• [STORED DATA]

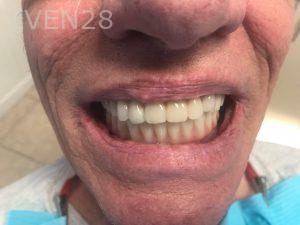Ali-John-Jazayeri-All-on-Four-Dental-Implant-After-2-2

--

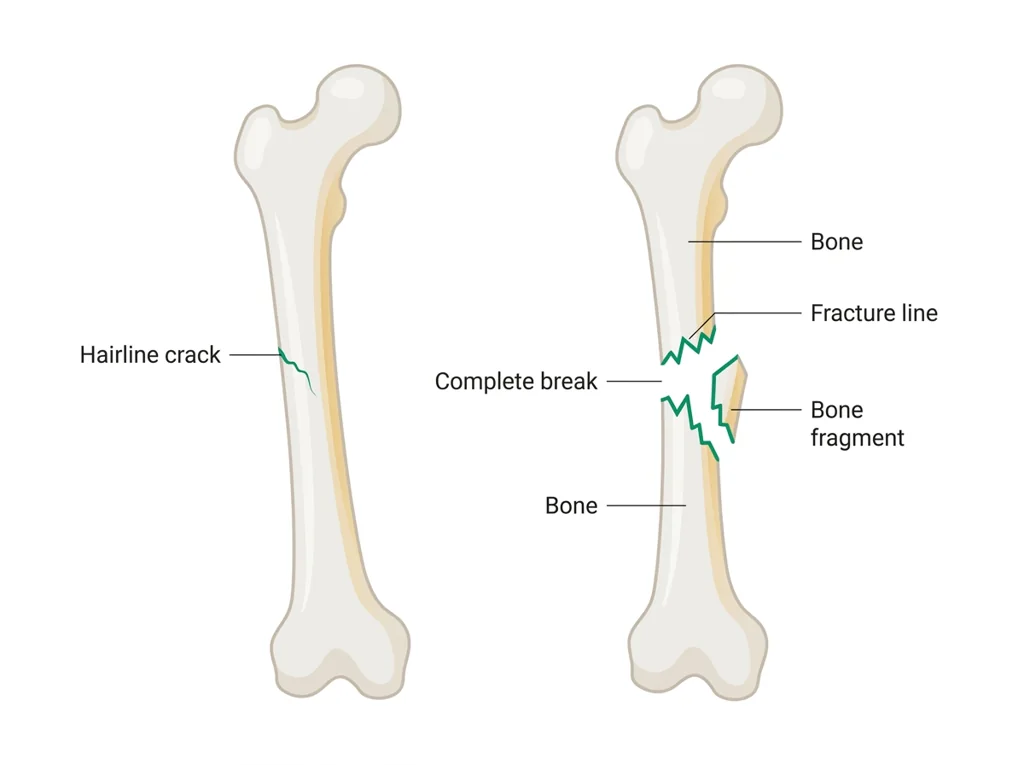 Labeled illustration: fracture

--

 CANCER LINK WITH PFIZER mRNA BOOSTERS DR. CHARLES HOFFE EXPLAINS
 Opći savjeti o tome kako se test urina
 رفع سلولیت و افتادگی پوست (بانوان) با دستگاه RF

• [WHAT IS NEEDED] Everything above from the line containing "Opći savjeti o tome kako se test urina" down to the line containing "رفع سلولیت و" should be copied exactly, both end lines included, and nothing else.

• [ANSWER FOR THIS EXERCISE]
 Opći savjeti o tome kako se test urina
 رفع سلولیت و افتادگی پوست (بانوان) با دستگاه RF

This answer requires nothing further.